My friend Veronica from Sleepless Nights has a rather large property in the Southern Midlands of Tasmania, and on it she raises free-range ducks and chickens. A while ago she put the call out on Twitter if anyone was interested in purchasing some free-range, ethically-raised, happy and healthy ducks. There was only one caveat – the ducks had to be taken live!

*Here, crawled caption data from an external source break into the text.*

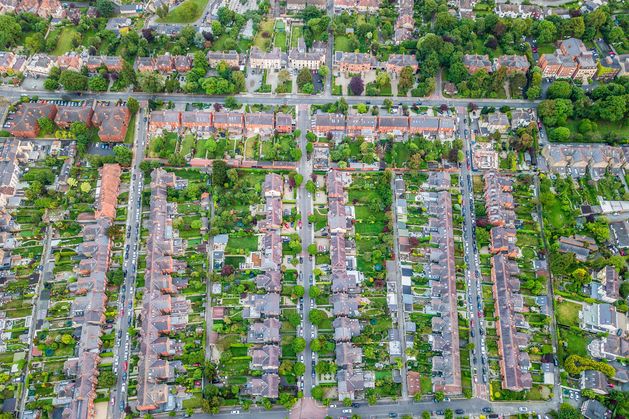 Paul McNeive: Rent caps have reduced the supply of housing and led to rising rents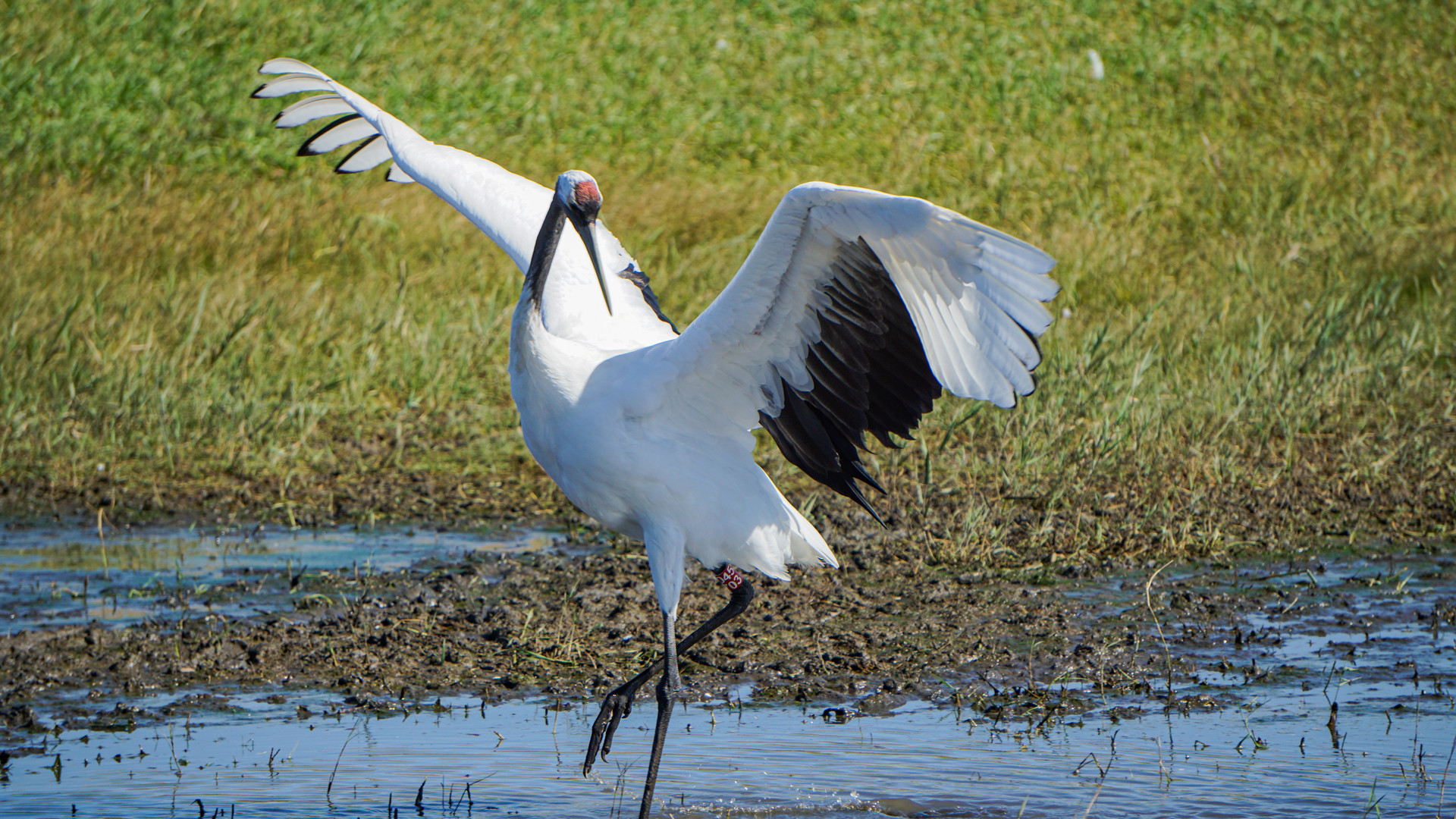 鹤舞金秋封面图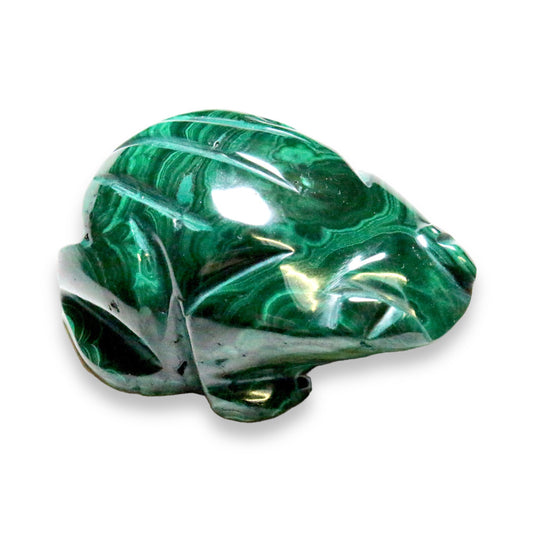 Grenouille en malachite du Congo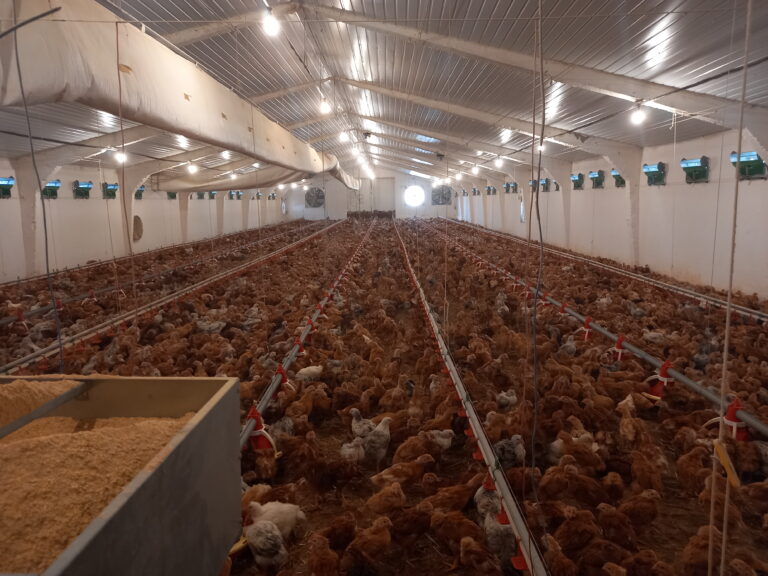 FNFM ÎN VIZITĂ LA SIPOTENI, CĂLĂRAȘI, LA FERMA DE PĂSĂRI CONDUSĂ DE ION MORARU ȘI FRATELE SĂU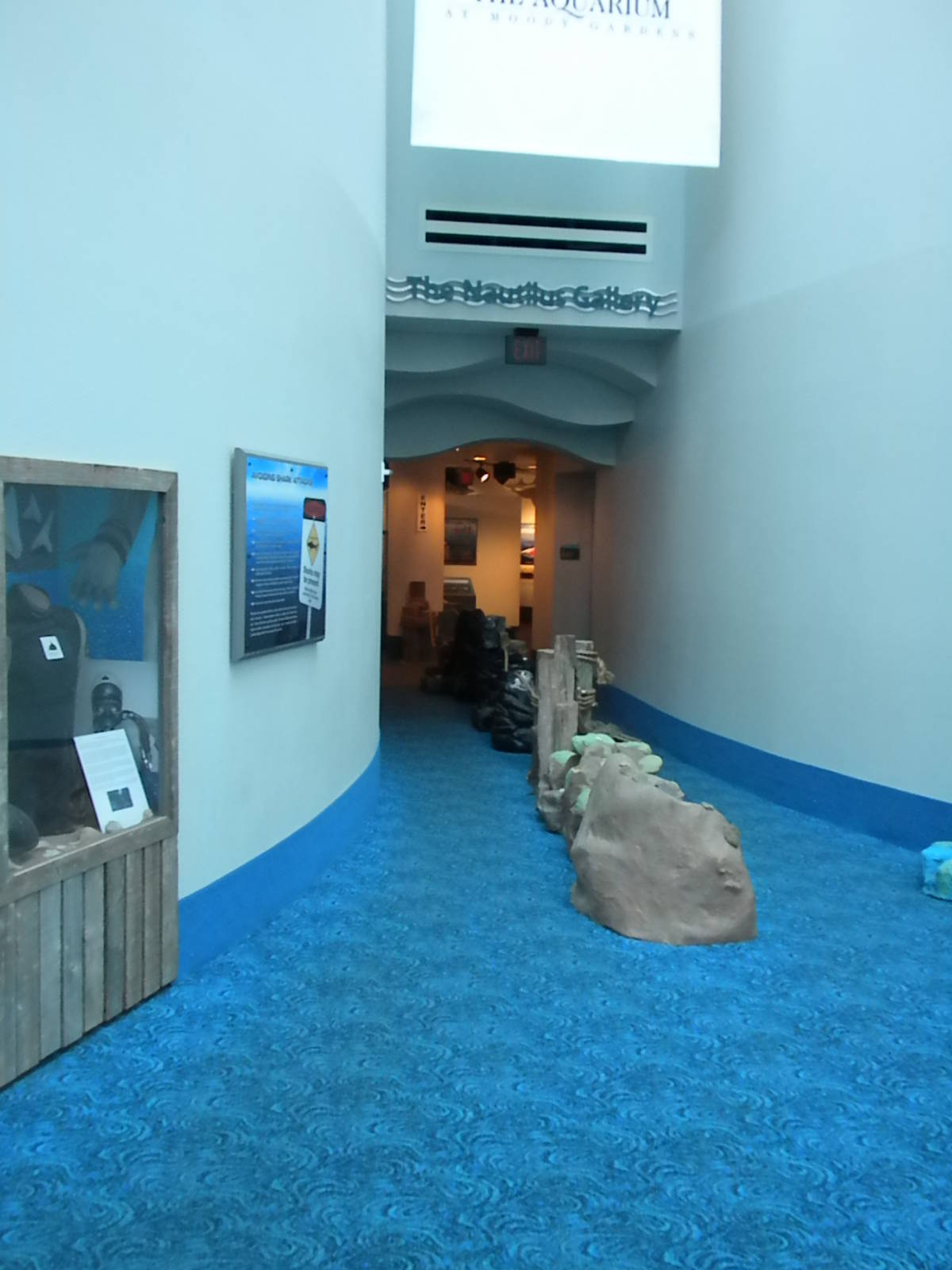 Aquarium 2010 - Temporary shark exhibit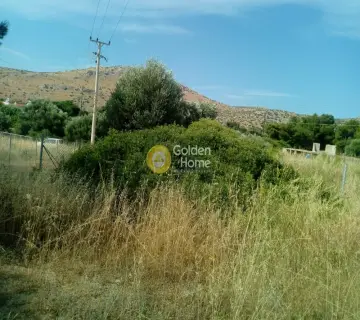 Parcel 580m<sup>2</sup> for sale photo 13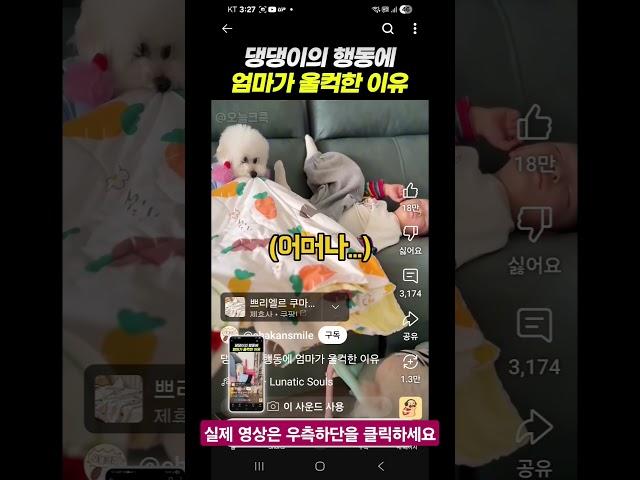 댕댕이의 행동에 엄마가 울컥한 이유 #Shine
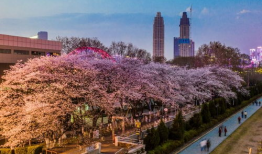 吃瓜爆料抖音网红mc,吃瓜爆料背后的故事与真相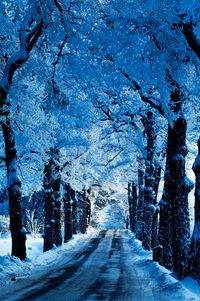 ***Winter avenue (Stockholm, Sweden) by Marcelline Pirkle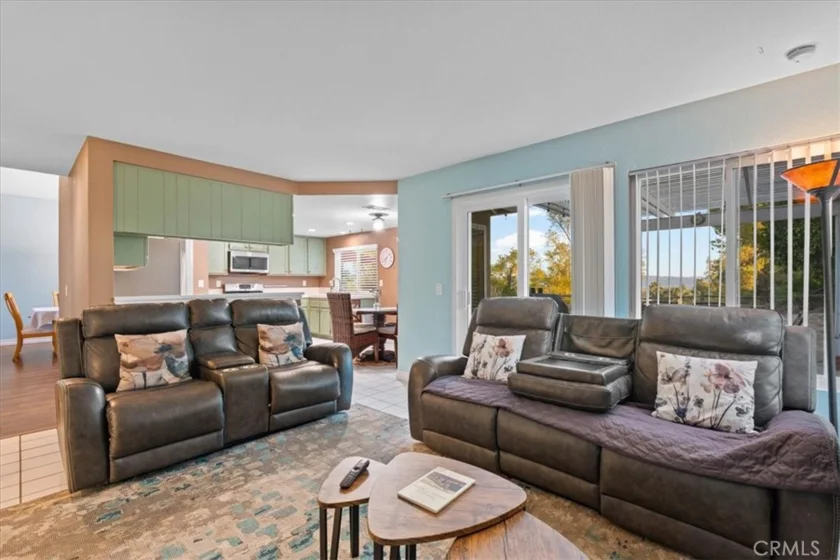 24591 Pantera Court photo 11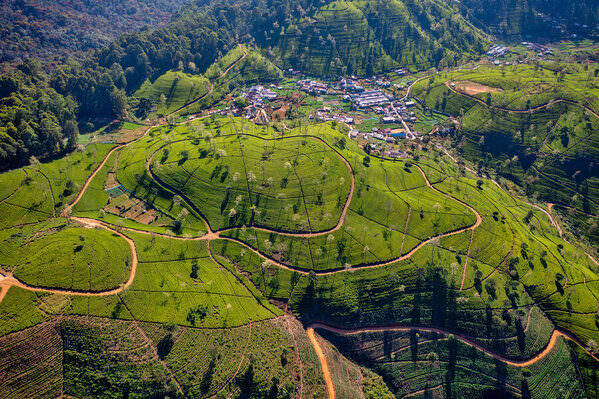 Photograph Azim Khan Ronnie Tea Garden on One Eyeland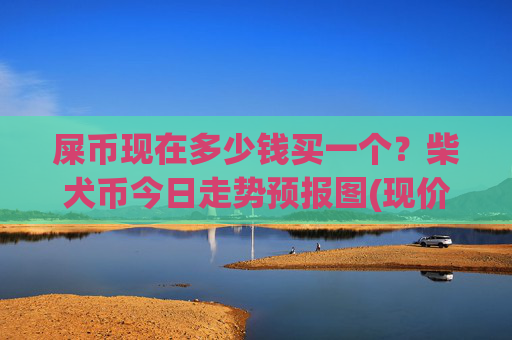 屎币现在多少钱买一个?柴犬币今日走势预报图(现价0.00022766元)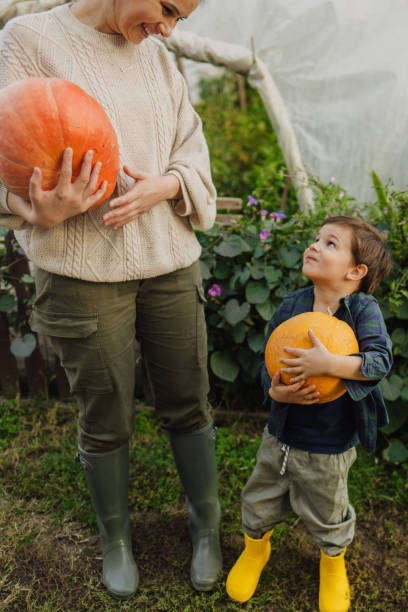 istock Pumpkins from our farm 1436495716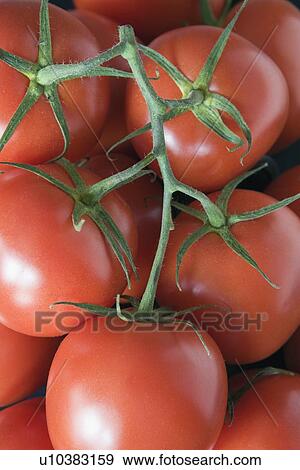 red, ripe tomatoes on the vine View Large Photo Image Stock Photo - red, ripe tomatoes on the vine. Fotosearch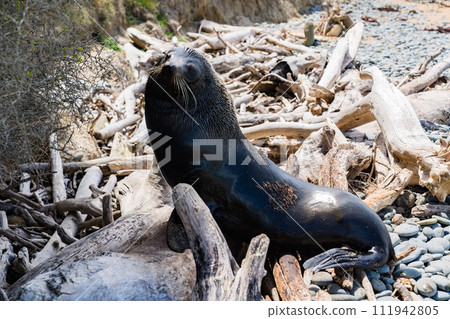 紐西蘭海岸的野生海獅 紐西蘭海岸的野生海獅 111942805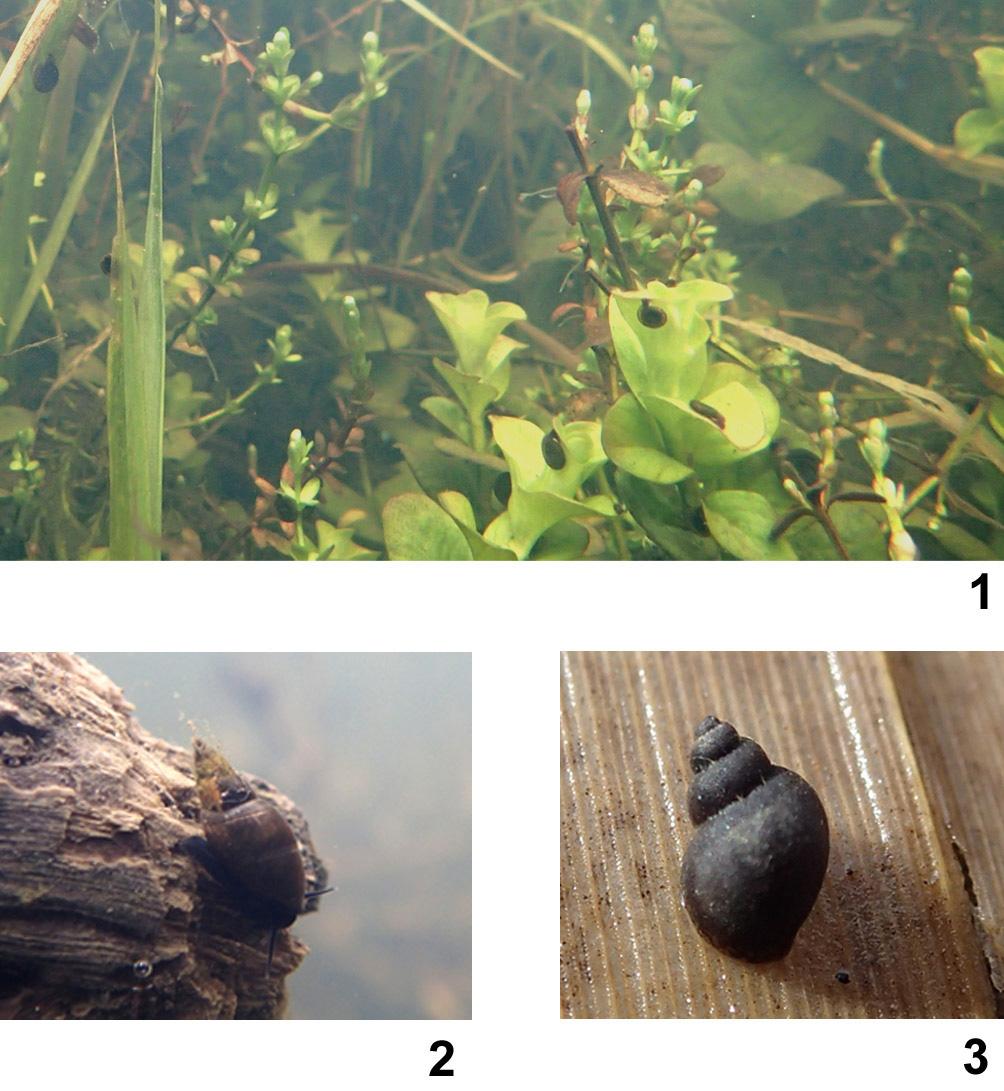 Příloha 1 Obr. 1: Příkop zarostlý vegetací s Anisus leucostoma a Aplexa hypnorum. Lokalita č. 4, foto M. Mergl, 2014.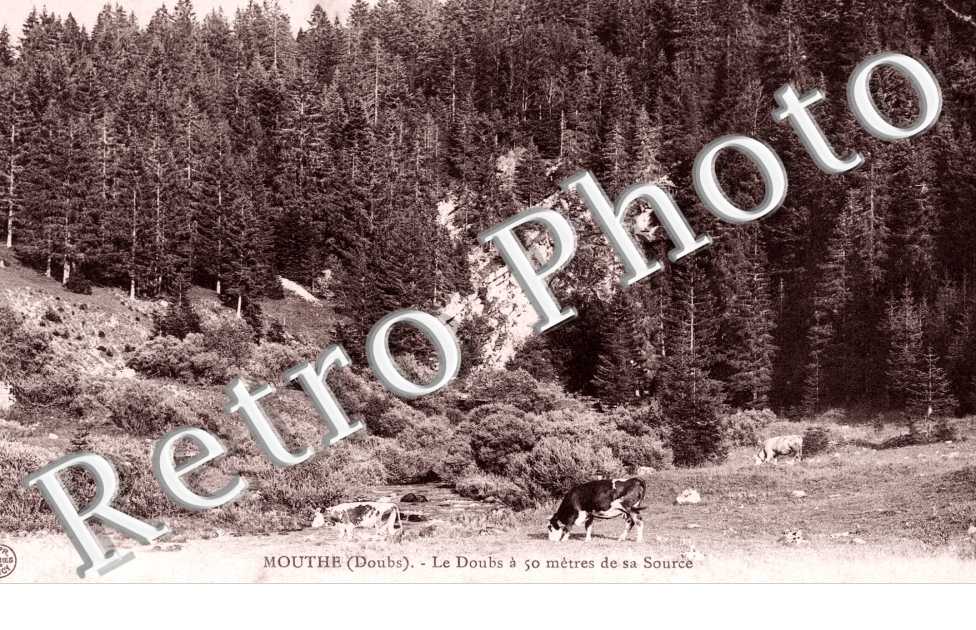 le Doubs a 50 metres de sa source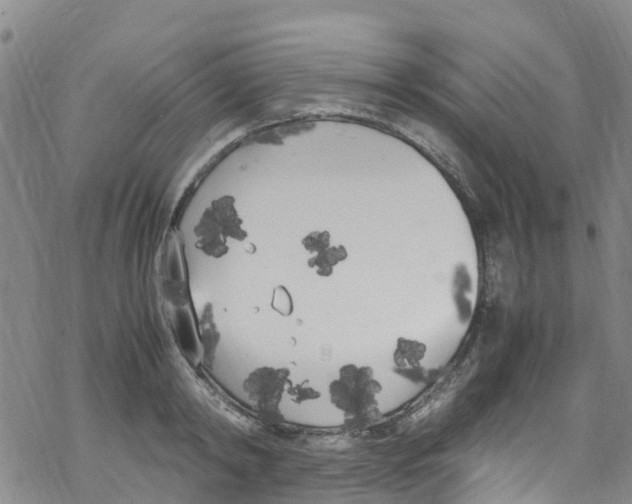 X0000067950798200605112124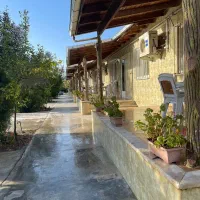 شمال در هوای بهاری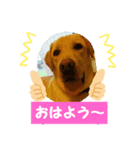 ジュラジュラジュララ（個別スタンプ：1）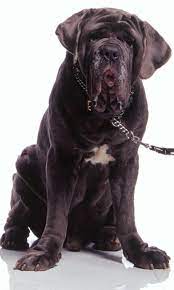 Consider your dog's personality when compared with your favorite potter name. Fang Harry Potter Wiki Fandom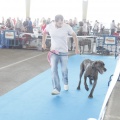 Castellón, Exposición Nacional e Internacional Canina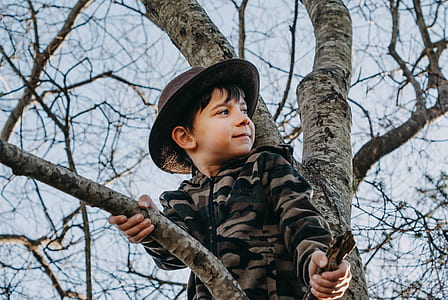 boy on top of tree thumbnail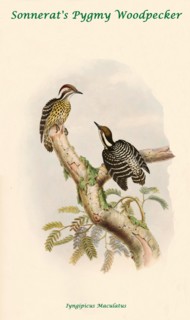 Sonnerat's Pygmy Woodpecker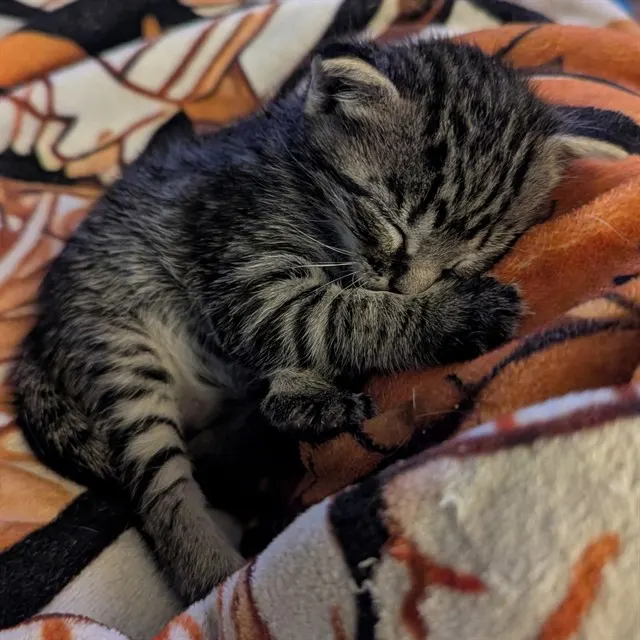 Pip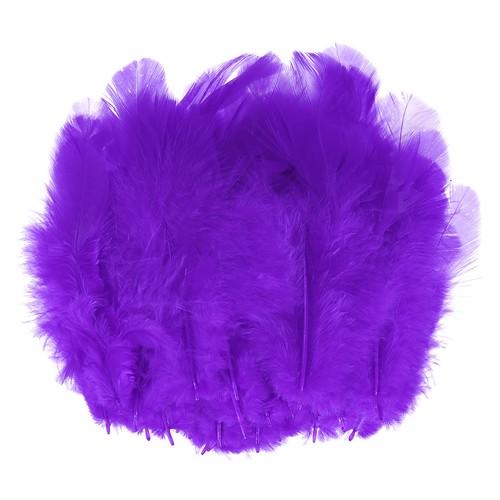 Piume per artigianato viola - piume,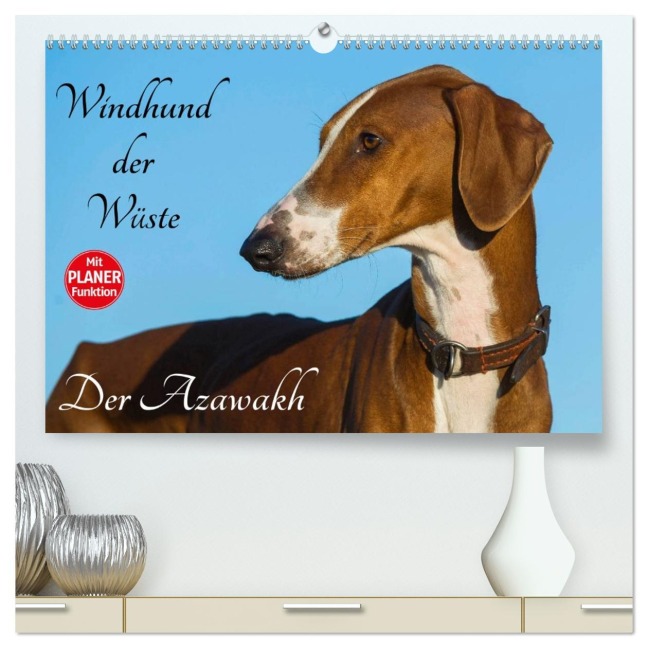 Windhund der Wüste - Der Azawakh (hochwertiger Premium Wandkalender 2026 DIN A2 quer), Kunstdruck in Hochglanz - Sigrid Starick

The duck she reserved for me had several weeks before he was ready, so I had a while to get my head around this duck killing business. I did some research on the net of slicing their throat vs chopping their head off, and they both have their good & bad points but I won’t go into those here. My dad clearly stated he wanted nothing to do with the matter, though he was quite happy to eat my duck once it was cooked.

So, I was on my own.

On Friday (as in, 3 days ago) I drove out to Veronica’s place, my cat cage in the back of the ute, and my barter exchange on the set next to me. (If your wondering, I “bought” my duck with my home-grown potatoes and 4 different flavours of jam that I’d made, from my home-grown fruit or fruit collected from friends). We lured my duck in with some grain, and lots of flapping ensued until we managed to get him into my cage. Phew! Ducks are feisty, unlike chickens who can tolerate being picked up.

I took my duck home and collected my thoughts, changed my clothes and organised myself to do the deed.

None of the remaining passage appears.